The labeling tool consists of two parts. The user can run the two parts separately using the main functions of the classes EntitiesInspectorNQuads and FeatureLabelinginHTML or all together by using the main method of the Initializer class.
Extended Documentation of the Labeling Tool:
Part 1 - Finding product names in .nq files
-
The user needs to give the path of the nq and warc files. Please note that the tool considers that the nq and warc files retrieved from a specific pld will both be named after it. In this step validation of the input is done in order to realize if the given paths exist or not.
-
Then the user is asked to give the type of products to be searched in the .nq files. As the tool is based three product categories, namely television, laptop and mobile phones the user needs to type one of those three words or the word all in case they want all of the product names to be searched. Validation of input is done in this step.
3.Based on the input of the previous step an arraylist containing all the products to be searched will be created. The .nq files of the defined folder will be then transformed into entities (using the EntityProcessor class of the webdatacommons project).
-
For every created entity we are interested only on those that have schema.org/Product/description and/or schema.org/Product/title as predicates. The objects of those predicates are lowercased, tokenized and put in an arraylist.
-
Iterate for every product name, transform it, tokenize it and put it into an arraylist.
-
The containment of the product arraylist to the description and title arraylists is calculated. We only consider full containment.
-
If the product name is found in an object of a created entity then an entry is created into the NQuadsProductResults.txt file which includes the following information: ||||gtin13:value|gtin14:value|title:title|description:description||. This step includes also language detection for the title and description values.
Part 2 - Labeling product specification items from html pages found in warc files
-
For every entry of the output file of part 1 (NQuadsProductResults.txt) the pld is retrieved and the warc file with the same name is searched in the directories of warcs.
-
For the chosen warc file we look for the warc response that is given by the current url and the html response is then copied in a temporary file under the directory resources/tempHTML.html
-
The user needs to specify (yes/no) if the html file contains product specifications. If no the next product node-url will be considered.
-
The user needs to specify if the page includes specifications for a mobile_phone, laptop or television by typing the relevant word. Input validation is done.
-
The title will then be printed and the user is asked if they want to label the title (yes/no). If no the tool will pass over to the next part of information, ie:description.
-
If yes, the title will be tokenized and every token will appear for the user to give the correct label. If there is a token that the user does not with to label they can simply type next.
-
By the end of the labeling of the title the user will be asked to define the mappings between the new labels they gave and the predefined ones. The calculation of which given labels do not belong to the list of the predefined ones is done automatically. So the undefined labels are printed in the console and the user needs to specify the predefined attribute of the current product type that best matches the given label.
-
The steps 12-14 are repeated in an identical way for the description as well.
-
The user is asked if they want to continue with labeling the tables of the page.
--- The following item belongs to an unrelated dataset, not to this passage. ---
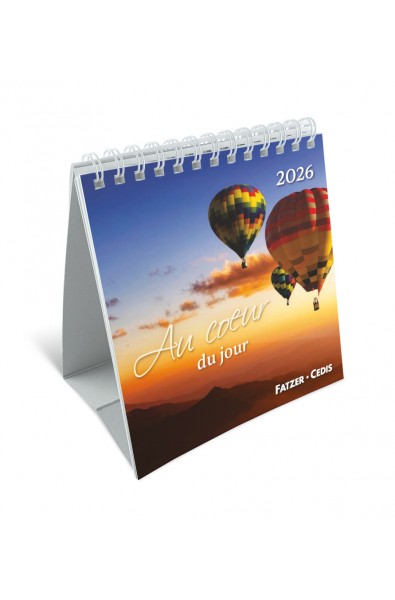 Calendrier "Au coeur du jour"  2026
An iteration in every table contained in the html page will be done, the table is printed and the user is asked if it is a specification table or not. If not the iteration moves on to the next table./ As it is more time effective, the user can directly define in the console the feature value pairs from the tables without iterating and printing the tables. In that case steps 17,18 are not executed.
-
For a specification table the user is asked to type tr if the feature names are found in the rows of the table and td if the feature names are found in the columns of the table.
-
The feature and the values will be extracted in the structure : and the user is asked if this should be considered a right labeling or not. If not the user needs to give an alternative one for the current feature value pair.
-
As in step 14 all the newly defined labels will be asked to be mapped by the user.
-
Steps 17-19 are repeated similarly for lists.
-
Finally a JSON object for all the provided labelings is created that contains the wished structure and written in the output file JSON_LabelingOutput.txt.